While Kaufman was able to design a high aspect foil, they also had to meet the ABS requirements. These rudders are strong enough to withstand being broadside to the water flow when the boat is traveling 30 knots. Presumably, Imagine won't ever be in a situation where it's traveling on it beam ends at that speed.

Of course, there is another person who wants a light boat, but who also wants a sturdy boat: its sailor, Michael Carr. "There have been failures of rudders because they were lightly built," said Carr."The whole mix of weight, speed, and competitiveness has to be put in context. You have to look at the materials available, what you're trying to accomplish, and the race course. In the Southern Ocean, in surfing conditions, it's possible to reach 20 knots. Hitting a small piece of ice at those speeds could seriously damage a lightly-built rudder."

In addition to strong rudders, the rudder's shape must be optimized. The most efficient shape in terms of lift to drag is an elliptical foil. However, building an elliptical foil correctly can be time consuming. A faster, more reliable method is to build the foil in a trapezoidal shape using design parameters called taper ratios (taper is the change in width of the foil from root to tip, or top to bottom). Using the proper taper ratio will allow a trapezoidal shape to assume elliptical loading. It will act like an elliptical foil and provide high lift to drag numbers.

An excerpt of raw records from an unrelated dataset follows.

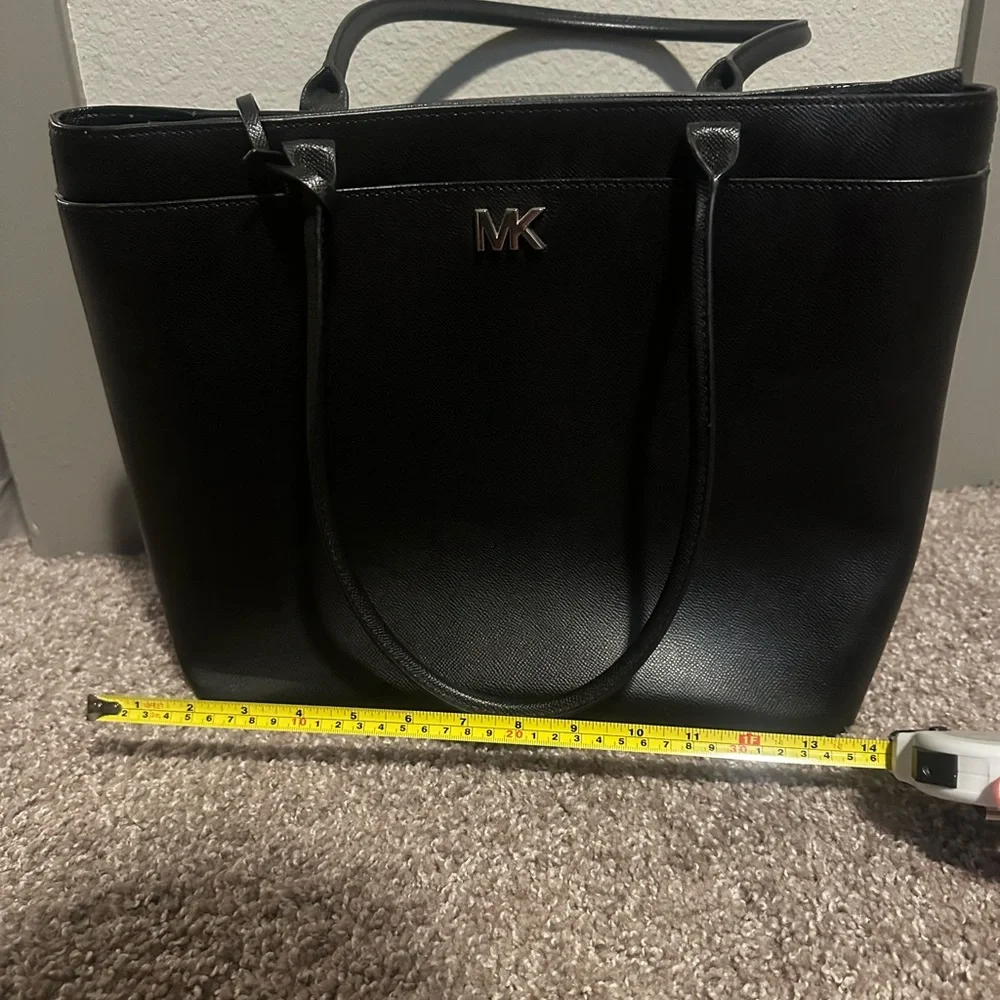 Michael Kors Classic Black Tote - Picture 8 of 10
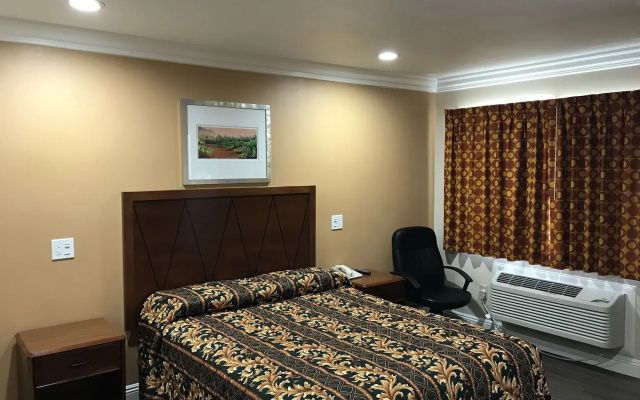 photo 3 of Fullerton Lodge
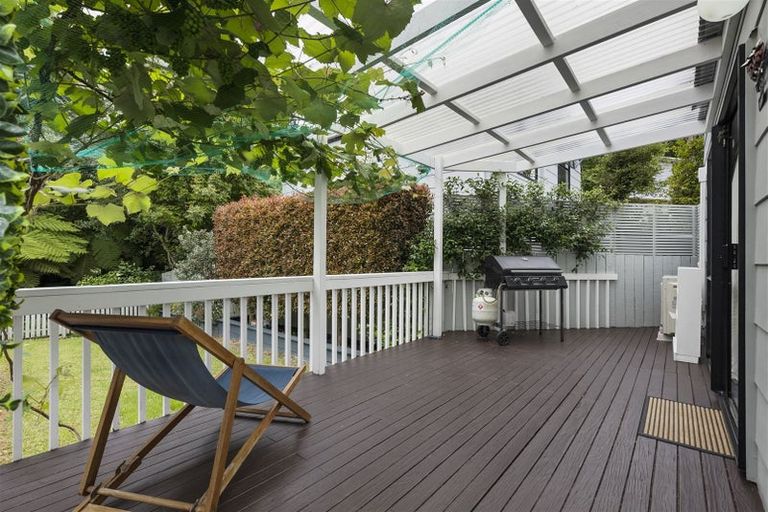 Photo of property in 1/143 Spinella Drive, Bayview, Auckland, 0629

So, if the rudders are designed and built correctly, they will be light, yet strong enough to survive high speed collisions with ice; they will have enough area to provide control, but won't have so much that they create unnecessary drag; and they will be constructed in a trapezoidal shape, but, if all goes right, will perform like elliptical foils.

We haven't even discussed how the steering cables will be run, or how the rudders will be driven by a sophisticated autopilot setup, or how the rudder quadrants will be cross-linked, or how the wheel will be clutched in and out, etc. The rudder details alone are staggering. Imagine, when completed and under sail, will be an impressive combination of speed and strength; an offshore vessel destined to sail the wildest, loneliest, most challenging stretches of ocean on the planet.